Die berüchtigte russische Seele ist so breit wie das Land selbst. Sie hat Platz für Nostalgie, Sehnsucht, Melancholie und Ausgelassenheit. Darin liegt kein Widerspruch. Heute ist es die Fotokunst junger Russen, die diese Tradition, der Suche nach dem Russischsein, fortführt.
Im Sammelbecken des größten sozialen Netzwerks Russlands, VKontakte, florieren Gruppen, die unter anderem „Russischer Tod“(194 500 Mitglieder), „Birkchen“ (157 350 Mitglieder) oder „Russische Leere“ (617 00 Mitglieder) heißen. Ausnahmslos jeder kann seine Aufnahmen zusenden. Davon machen zwischen 50 und 100 Leuten jeden Tag Gebrauch, berichten die Moderatoren der Gruppen. Sie sind es auch, die die Fotos auswählen und publizieren. Sie alle haben die Ästhetisierung des Russischseins, die nationale Identität oder die sowjetische Vergangenheit zum Thema. Populäre Postkartenmotive mit Matrjoschkas und Bären fehlen hier. Es geht um Philosophie.
In der Gruppe „Russischer Tod“ dominieren Bilder von rostigen Industriegeländen, auseinanderfallenden Chruschtschowkas und grauen Plattenbauten. Es ist ein Projekt für Menschen, die in Russland leben und nicht versuchen den „Anschein zu machen, dass hier alles okay ist“, schreiben die Gründer. Statt mit dieser unvollkommenen Realität zu kämpfen, setzt diese Gruppe auf Kontemplation: „Den Prozess des Verfalls kann man nicht aufhalten, man kann sich nur daran erfreuen. Schwermut – das ist ein normaler Zustand für den russischen Menschen. Die russische Kultur ist voll von Bildern der Trauer, des Leidens und der Lethargie“, heißt es.
Die Nutzer umarmen gewöhnliche und banale Landschaften und versuchen, ihre Heimat aus einem anderen Blickwinkel zu betrachten. Sie lehren ihren Mitbürgern, im Grau der Schlafstädte nicht etwas Schreckliches zu sehen, sondern eine Romantik des Post-Apokalyptischen. „Wozu brauche ich Fallout, wenn ich in Saratow lebe“, steht unter einem zugeschickten Foto geschrieben. Die Aufnahme zeigt einen heruntergekommenen Hinterhof, der mit dem düsteren Computerspiel „Fallout“ verglichen wird. „Im Grunde können wir uns am Post-Apokalyptischen trösten, ohne dabei die Apokalypse erlebt zu haben“, sagt Alxsej Salewskij.
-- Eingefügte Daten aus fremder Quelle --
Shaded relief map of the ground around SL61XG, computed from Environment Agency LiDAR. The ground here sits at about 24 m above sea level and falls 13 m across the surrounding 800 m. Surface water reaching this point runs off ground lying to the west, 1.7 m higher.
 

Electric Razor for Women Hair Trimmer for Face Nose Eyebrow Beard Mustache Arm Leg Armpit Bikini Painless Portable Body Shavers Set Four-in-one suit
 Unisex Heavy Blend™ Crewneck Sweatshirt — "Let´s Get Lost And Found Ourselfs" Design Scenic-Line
Anders dagegen fasst die Gruppe „Birkchen“ das Russischsein auf. Sie zeigt ein positives Bild, in dem eine heimelige Atmosphäre herrscht: enge Waldpfade, Katzen, die wohlig auf dem Kamin schlafen, Teeglashalter, die an lange Zugfahrten erinnern, und mit Schnee zugedeckte Dörfchen. Wenn sich in diese Bilder Ironie verirrt, dann ist es eine heitere, die humorvoll gemeint ist. Die Gruppe sei eine Illustration ohne Schönfärberei, mit allen Besonderheiten der Geschichte des russischen Volkes, erzählt Darja Medin. „Unser Leitmotiv sind Szenen aus dem russischen Leben.“
Die Aufmerksamkeit auf menschenleere Landschaften rückt die Gruppe „Russische Leere“. Russland ist voll von leeren Orten. In der überfüllten Hauptstadt sieht man sie nicht. Dafür aber, wenn man das unermessliche Land mit der Transsibirischen Eisenbahn durchquert. „Mit Leere meinen wir keine Ödnis“, kommentiert Danijl Maksjukow. „Es ist eine Gruppe über die metaphysische Verschmelzung mit der Natur, eine Rückkehr zu den Wurzeln, die Suche nach Harmonie.“ Das Projekt unterstreiche die Grenzenlosigkeit des russischen Raumes.
Diese drei Gruppen sind nur die Spitze des Eisbergs. Jeden Tag tauchen neue Gruppen auf, in denen „nostalgische“ Fotos ausgetauscht werden. Es sind weder Hurrapatriotisten noch Kritiker des modernen Russlands, sondern eine große Mehrheit junger Nutzer, die zeigen möchte, welches Russland ihr Herz und ihre Seele wärmt.